++++ Supplied entries ++++

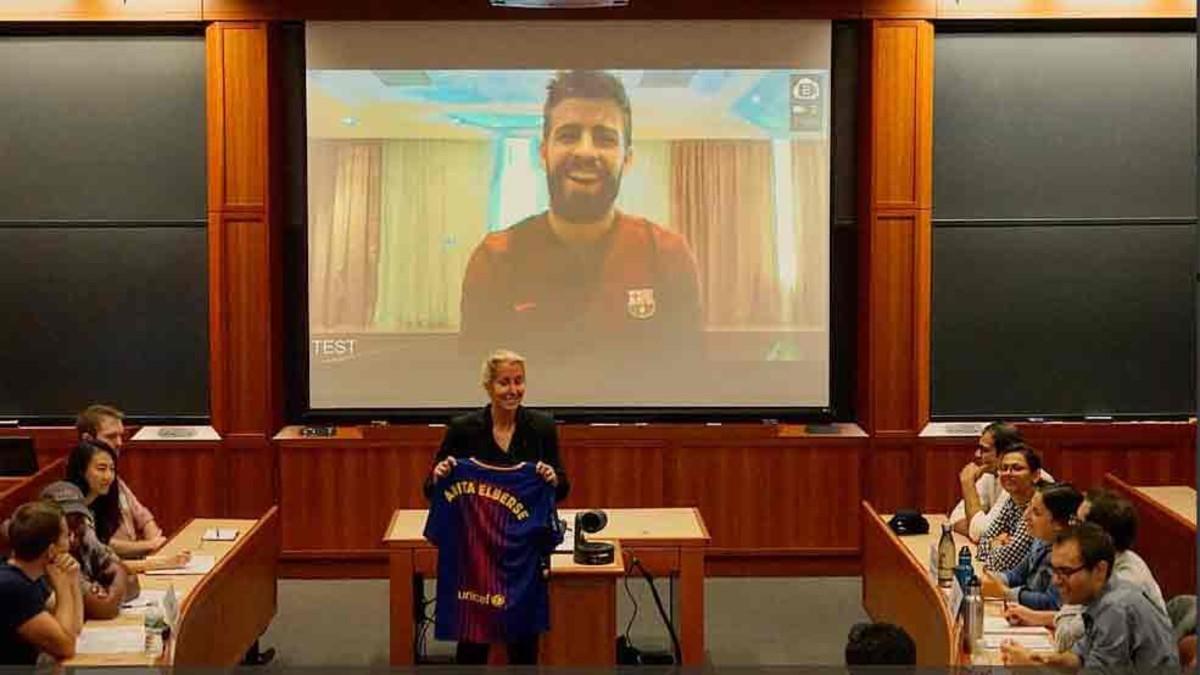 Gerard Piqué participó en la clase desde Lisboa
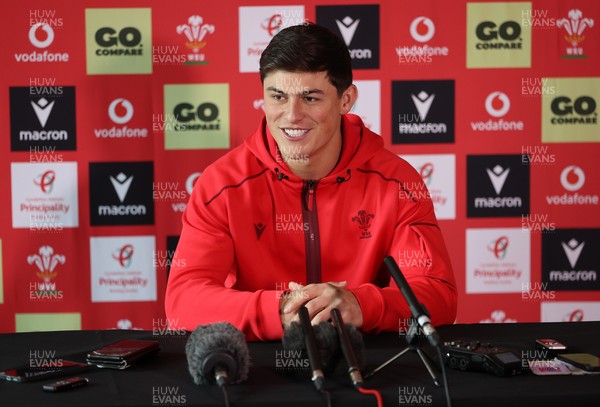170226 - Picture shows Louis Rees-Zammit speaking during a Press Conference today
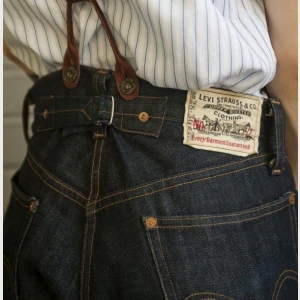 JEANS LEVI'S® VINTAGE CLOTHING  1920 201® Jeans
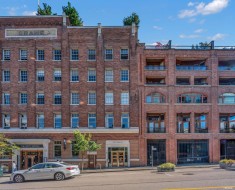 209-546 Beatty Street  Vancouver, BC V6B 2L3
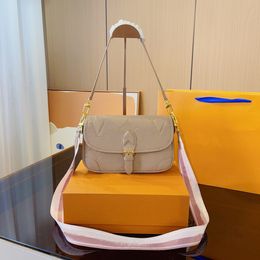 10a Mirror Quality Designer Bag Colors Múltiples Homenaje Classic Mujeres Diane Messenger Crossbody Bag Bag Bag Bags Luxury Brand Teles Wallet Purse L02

++++

About this task
Every line from the one holding "JEANS LEVI'S® VINTAGE" through the end of the records above must be reproduced verbatim, pictures excepted.

Task output
 JEANS LEVI'S® VINTAGE CLOTHING  1920 201® Jeans
 209-546 Beatty Street  Vancouver, BC V6B 2L3
 10a Mirror Quality Designer Bag Colors Múltiples Homenaje Classic Mujeres Diane Messenger Crossbody Bag Bag Bag Bags Luxury Brand Teles Wallet Purse L02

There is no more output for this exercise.